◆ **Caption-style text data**
== Segment start ==

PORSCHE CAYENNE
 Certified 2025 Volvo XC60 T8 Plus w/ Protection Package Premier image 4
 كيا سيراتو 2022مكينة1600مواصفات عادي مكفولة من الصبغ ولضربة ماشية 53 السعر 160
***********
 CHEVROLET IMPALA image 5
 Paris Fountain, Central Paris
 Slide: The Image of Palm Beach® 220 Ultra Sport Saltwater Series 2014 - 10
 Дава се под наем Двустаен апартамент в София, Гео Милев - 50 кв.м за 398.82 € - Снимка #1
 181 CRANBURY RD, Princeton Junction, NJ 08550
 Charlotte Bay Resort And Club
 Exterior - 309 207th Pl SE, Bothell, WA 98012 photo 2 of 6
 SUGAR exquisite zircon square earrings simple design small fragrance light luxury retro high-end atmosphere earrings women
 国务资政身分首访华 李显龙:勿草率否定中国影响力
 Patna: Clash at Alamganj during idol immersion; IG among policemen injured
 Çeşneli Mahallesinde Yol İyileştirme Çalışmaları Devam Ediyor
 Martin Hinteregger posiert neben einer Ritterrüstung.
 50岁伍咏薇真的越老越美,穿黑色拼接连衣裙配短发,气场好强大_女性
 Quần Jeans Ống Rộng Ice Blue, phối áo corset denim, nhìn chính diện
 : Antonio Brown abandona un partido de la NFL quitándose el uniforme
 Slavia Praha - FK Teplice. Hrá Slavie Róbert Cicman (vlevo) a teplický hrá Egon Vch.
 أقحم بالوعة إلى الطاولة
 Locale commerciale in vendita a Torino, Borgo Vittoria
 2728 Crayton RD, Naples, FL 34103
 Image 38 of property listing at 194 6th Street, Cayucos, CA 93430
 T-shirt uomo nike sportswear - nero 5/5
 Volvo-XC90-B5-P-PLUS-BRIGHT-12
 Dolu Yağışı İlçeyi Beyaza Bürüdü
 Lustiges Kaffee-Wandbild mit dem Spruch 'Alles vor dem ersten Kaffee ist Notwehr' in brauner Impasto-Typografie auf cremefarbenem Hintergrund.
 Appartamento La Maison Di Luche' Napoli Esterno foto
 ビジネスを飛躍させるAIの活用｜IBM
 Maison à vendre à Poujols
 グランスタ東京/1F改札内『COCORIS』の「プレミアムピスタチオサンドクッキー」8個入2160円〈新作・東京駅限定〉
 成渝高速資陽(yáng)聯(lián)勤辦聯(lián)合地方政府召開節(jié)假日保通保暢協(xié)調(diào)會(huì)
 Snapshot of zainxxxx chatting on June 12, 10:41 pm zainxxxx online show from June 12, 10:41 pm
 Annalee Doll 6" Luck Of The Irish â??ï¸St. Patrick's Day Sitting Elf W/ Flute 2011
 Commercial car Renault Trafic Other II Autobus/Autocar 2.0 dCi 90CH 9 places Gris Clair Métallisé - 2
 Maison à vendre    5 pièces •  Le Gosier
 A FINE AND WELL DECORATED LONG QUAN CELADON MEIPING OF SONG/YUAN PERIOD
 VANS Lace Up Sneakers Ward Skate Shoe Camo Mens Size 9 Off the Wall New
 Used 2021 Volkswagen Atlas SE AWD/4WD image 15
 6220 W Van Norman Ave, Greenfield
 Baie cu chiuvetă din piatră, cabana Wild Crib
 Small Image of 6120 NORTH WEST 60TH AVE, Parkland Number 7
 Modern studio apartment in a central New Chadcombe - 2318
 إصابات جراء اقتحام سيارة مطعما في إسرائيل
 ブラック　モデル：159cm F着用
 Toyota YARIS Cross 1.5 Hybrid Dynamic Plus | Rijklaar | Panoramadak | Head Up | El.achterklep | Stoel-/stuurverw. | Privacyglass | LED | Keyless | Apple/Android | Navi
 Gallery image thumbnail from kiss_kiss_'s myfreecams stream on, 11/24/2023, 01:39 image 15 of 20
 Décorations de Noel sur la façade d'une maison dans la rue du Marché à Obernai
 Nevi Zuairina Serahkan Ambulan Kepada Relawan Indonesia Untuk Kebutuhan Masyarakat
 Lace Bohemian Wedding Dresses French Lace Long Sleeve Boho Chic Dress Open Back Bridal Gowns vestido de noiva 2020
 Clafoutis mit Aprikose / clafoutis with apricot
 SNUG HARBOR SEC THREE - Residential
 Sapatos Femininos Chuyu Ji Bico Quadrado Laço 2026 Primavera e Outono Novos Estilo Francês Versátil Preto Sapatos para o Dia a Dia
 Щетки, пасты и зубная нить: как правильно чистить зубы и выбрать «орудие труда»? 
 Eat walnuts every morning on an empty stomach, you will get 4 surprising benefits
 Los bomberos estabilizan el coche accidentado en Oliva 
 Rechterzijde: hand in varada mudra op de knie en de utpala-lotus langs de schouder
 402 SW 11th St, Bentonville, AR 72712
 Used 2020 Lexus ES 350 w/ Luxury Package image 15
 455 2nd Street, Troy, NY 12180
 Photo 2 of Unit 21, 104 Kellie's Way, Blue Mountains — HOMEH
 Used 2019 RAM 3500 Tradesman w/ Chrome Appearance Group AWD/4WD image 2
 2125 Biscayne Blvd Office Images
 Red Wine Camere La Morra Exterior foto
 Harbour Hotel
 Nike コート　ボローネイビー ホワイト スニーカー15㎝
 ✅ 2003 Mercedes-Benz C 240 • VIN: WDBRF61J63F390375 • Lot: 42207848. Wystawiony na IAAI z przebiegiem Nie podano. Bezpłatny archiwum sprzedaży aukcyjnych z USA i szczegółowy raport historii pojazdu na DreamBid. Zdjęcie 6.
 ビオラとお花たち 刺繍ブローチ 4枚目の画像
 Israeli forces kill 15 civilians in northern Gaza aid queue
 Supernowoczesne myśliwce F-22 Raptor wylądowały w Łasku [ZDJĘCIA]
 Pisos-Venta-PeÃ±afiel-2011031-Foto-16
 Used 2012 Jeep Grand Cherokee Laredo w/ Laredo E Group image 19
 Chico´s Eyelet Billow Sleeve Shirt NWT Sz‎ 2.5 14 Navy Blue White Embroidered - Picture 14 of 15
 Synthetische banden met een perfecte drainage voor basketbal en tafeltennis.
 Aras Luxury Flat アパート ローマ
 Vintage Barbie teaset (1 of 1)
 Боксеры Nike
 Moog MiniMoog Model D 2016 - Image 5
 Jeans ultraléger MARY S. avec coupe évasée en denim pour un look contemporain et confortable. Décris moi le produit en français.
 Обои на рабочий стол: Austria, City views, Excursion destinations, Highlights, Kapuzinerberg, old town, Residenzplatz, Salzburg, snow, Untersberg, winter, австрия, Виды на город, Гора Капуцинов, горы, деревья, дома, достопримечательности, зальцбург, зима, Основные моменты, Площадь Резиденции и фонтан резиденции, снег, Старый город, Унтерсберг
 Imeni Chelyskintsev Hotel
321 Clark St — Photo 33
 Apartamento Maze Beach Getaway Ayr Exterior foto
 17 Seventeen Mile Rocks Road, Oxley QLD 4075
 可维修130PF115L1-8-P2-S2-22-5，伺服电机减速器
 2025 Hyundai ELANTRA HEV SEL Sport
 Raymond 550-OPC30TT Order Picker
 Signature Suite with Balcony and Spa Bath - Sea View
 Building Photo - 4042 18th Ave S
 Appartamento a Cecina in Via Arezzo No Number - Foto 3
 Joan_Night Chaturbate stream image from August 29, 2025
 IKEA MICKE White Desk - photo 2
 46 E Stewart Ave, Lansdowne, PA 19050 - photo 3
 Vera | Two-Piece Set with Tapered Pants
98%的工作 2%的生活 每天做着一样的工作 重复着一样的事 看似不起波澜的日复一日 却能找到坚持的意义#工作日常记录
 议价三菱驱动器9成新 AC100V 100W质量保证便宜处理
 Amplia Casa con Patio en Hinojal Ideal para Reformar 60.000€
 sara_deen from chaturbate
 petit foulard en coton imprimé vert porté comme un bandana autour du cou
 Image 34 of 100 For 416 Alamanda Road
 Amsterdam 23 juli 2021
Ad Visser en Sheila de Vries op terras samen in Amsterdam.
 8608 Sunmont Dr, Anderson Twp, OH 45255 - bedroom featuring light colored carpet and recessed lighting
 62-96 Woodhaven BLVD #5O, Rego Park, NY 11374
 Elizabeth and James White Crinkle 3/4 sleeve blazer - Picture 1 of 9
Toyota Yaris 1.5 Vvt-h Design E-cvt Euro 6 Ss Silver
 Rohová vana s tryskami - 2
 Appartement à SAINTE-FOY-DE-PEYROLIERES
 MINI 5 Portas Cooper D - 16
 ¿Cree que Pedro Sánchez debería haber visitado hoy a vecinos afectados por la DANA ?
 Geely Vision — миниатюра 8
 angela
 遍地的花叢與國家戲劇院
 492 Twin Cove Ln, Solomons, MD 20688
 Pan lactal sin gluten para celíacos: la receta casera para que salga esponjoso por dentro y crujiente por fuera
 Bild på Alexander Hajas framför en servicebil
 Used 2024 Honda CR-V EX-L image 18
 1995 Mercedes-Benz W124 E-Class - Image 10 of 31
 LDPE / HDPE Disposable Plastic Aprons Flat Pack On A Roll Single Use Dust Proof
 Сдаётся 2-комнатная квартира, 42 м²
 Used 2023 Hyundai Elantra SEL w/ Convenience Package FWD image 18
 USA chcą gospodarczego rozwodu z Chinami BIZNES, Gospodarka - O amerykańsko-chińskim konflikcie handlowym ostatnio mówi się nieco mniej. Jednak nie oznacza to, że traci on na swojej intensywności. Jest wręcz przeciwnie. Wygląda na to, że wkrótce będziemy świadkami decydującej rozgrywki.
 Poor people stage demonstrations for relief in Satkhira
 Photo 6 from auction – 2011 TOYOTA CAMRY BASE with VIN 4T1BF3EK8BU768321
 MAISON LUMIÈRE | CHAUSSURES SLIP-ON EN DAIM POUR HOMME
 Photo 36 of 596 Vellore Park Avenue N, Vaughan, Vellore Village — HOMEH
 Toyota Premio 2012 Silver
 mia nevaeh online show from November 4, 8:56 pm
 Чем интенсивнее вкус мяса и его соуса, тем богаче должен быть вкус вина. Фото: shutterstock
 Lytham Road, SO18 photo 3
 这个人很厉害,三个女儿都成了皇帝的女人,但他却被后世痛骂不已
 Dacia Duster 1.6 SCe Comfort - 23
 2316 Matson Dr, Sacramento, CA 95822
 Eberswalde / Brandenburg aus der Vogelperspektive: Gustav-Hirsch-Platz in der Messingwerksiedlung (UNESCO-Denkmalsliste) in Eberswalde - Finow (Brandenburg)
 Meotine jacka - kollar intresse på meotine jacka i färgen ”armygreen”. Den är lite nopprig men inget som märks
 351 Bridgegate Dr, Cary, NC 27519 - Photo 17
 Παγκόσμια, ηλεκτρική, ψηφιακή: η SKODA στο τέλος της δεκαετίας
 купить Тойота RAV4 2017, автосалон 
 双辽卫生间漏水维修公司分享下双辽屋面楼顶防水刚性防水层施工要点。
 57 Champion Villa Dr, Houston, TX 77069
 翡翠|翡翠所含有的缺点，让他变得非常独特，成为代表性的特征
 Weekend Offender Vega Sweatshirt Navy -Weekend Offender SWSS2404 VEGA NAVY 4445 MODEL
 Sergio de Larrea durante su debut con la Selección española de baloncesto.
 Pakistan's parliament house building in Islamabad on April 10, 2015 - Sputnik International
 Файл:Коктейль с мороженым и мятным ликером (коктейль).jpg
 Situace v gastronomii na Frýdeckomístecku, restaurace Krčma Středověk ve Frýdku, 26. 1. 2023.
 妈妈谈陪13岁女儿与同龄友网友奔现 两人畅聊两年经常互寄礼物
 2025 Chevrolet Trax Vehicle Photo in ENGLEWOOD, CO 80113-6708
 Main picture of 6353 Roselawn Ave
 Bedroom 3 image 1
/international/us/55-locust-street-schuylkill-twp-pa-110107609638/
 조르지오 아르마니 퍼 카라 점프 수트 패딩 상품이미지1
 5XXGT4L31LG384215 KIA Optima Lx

== Segment end ==

◆ **Problem to solve**
An exact copy of the lines above between the line holding "Raymond 550-OPC30TT Order Picker" and the line holding "Vera | Two-Piece Set with Tapered Pants", inclusive, is the whole answer.

◆ **Solution below**
 Raymond 550-OPC30TT Order Picker
 Signature Suite with Balcony and Spa Bath - Sea View
 Building Photo - 4042 18th Ave S
 Appartamento a Cecina in Via Arezzo No Number - Foto 3
 Joan_Night Chaturbate stream image from August 29, 2025
 IKEA MICKE White Desk - photo 2
 46 E Stewart Ave, Lansdowne, PA 19050 - photo 3
 Vera | Two-Piece Set with Tapered Pants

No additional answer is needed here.